5.      Sikap dan Minat
Sikap dan minat remaja dalam masalah keagamaan boleh dikatakan sangat kecil dan hal ini tergantung dari kebiasaan masa kecilnya serta lingkungan agama yang mempengaruhi mereka (besar kecil minatnya).
6.      Ibadah
a.       Pandangan para remaja terhadap ajaran agama, ibadah, dan masalah do’a sebagaimana yang dikumpulkan oleh Ross dan Oskar Kupky menunjukan:
·         Seratus empat puluh delapan (148) siswi dinyatakan bahwa 20 orang di antara mereka tidak pernah mempunyai pengalaman keagamaan sedangkan sisanya (128) mempunyai pengalaman keagamaan yang 68 di antaranya secara alami (tidak melalui pengajaran resmi).
·         Tiga puluh satu (31) orang di antara yang mendapat pengalaman keagamaan melalui proses alami, mengungkapkan adanya perhatian mereka terhadap keajaiban yang menakjubkan dibalik keindahan alam yang mereka nikmati.
b.      Selanjutnya mengenai pandangan mereka tentang ibadah diungkapkan sebagai berikut:
·         Empat puluh dua persen (42%) tidak pernah melaksanakan ibadah sama sekali.
·         Tiga pulu tiga (33%) mereka melakukan ibadah sembahyang karena mereka yakin Tuhan mendengar dam akan mengabulkan do’a mereka.
·         Dua puluh tujuh persen (27%)  bahwa sembahnyang dapat menolong mereka meredakan kesusahan dan derita.
·         Delapan belas persen (18%) mengatakan bahwa sembahyang menyebabkan mereka menjadi senang setelah menunaikannya.
·         Sebelas persen (11%) mengatakan bahwa sembahyang mengingatkan tanggung jawab dan tuntutan sebagai anggota masyarakat.
·         Empat persen (4%) mengatakan bahwa sembahyang merupakan kebiasan yang mengadung arti penting.
Jadi hanya 17% mengatakan bahwa ibadah sembahyang bermanfaat untuk berkomunikasi dengan Tuhan, sedangkan 26% di antaranya menganggap bahwa sembahyang hanyalah merupakan media untuk bermeditasi.[2]

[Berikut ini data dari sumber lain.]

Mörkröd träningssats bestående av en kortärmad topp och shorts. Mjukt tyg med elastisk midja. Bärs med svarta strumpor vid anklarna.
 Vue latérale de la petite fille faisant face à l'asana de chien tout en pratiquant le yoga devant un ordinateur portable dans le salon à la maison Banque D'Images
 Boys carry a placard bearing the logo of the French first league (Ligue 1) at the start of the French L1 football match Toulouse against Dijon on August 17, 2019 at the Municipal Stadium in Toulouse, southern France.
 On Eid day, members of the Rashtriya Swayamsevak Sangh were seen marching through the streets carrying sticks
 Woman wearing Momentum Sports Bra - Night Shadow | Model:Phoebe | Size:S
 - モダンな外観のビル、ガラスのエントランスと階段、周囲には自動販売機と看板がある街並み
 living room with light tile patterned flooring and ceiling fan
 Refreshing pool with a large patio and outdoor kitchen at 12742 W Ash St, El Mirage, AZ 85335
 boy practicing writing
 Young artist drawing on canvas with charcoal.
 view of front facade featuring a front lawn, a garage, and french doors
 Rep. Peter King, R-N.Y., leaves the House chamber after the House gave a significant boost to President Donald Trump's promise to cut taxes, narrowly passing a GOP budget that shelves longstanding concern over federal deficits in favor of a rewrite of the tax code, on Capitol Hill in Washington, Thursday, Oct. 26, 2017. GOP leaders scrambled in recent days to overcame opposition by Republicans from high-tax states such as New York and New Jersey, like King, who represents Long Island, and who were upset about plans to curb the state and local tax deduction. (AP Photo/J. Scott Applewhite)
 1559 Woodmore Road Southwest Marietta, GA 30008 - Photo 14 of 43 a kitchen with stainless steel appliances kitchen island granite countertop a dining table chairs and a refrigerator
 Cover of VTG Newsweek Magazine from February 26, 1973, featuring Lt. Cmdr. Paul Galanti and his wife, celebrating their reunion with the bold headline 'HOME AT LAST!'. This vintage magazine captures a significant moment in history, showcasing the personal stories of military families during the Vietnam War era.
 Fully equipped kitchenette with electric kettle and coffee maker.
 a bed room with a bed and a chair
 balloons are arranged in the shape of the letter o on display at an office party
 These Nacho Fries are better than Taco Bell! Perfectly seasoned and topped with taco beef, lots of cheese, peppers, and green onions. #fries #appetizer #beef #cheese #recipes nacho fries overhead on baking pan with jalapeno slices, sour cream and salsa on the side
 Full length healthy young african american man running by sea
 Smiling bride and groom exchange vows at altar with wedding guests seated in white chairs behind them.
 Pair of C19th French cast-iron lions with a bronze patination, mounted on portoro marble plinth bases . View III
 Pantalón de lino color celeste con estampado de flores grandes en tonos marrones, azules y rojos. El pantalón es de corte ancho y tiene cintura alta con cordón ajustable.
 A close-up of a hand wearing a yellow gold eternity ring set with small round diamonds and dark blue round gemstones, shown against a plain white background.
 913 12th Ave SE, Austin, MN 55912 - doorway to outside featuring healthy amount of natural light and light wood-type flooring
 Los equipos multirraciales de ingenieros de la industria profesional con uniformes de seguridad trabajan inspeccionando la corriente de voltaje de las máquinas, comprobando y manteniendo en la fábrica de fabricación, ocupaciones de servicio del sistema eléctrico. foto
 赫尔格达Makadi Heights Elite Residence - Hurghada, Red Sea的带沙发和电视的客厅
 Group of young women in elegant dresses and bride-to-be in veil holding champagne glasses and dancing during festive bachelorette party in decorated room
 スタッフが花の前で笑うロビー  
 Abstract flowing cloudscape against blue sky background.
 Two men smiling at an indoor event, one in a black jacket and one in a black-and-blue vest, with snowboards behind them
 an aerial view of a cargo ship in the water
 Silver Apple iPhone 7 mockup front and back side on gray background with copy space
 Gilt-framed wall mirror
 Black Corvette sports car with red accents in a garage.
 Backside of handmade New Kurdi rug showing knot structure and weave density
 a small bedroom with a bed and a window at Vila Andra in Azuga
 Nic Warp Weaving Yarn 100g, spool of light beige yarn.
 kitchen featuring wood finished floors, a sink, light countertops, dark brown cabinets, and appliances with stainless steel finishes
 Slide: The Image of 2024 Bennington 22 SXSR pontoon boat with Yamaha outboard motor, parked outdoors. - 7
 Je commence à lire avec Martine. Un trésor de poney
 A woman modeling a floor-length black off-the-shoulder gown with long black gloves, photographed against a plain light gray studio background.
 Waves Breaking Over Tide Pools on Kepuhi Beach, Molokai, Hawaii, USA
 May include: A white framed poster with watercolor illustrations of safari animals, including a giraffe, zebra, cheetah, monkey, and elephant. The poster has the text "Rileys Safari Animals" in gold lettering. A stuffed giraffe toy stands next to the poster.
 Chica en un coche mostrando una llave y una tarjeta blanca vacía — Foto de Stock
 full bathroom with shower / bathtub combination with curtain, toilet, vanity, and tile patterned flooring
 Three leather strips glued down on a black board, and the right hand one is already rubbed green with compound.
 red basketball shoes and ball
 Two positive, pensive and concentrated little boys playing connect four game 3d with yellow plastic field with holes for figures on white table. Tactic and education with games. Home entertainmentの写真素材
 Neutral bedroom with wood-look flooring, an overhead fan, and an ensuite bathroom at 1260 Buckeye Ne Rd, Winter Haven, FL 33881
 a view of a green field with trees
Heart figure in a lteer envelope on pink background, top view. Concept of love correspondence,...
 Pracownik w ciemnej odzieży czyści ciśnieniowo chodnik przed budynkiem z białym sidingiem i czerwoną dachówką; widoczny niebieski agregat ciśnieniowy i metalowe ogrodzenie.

B.     Karakteristik Agama Remaja
1.      Religius Awakening, yang mana minat beragama bagi para remaja mengalami kebangkitan.
2.      Individualistik, suatu sikap mementingkan diri sendiri.
3.      Sintesis, mengkorelasikan pada kontesktual atau kemampuan mengintegrasikan sesuatu.
4.      Maknawi, bersifat maknawi atau nilai-nilai inti dari sesuatu.
5.      Reflektif, melakukan sesuatu dengan apa yang telah diketahui.
6.      Agama dijadikan alat untuk menjawab persoalan pribadi.
7.      Agama dan kelompok sosial.
8.      Doubt, rasa ragu keagamaan.
9.      Conversi, perubahan rasa agama yang cepat.[3]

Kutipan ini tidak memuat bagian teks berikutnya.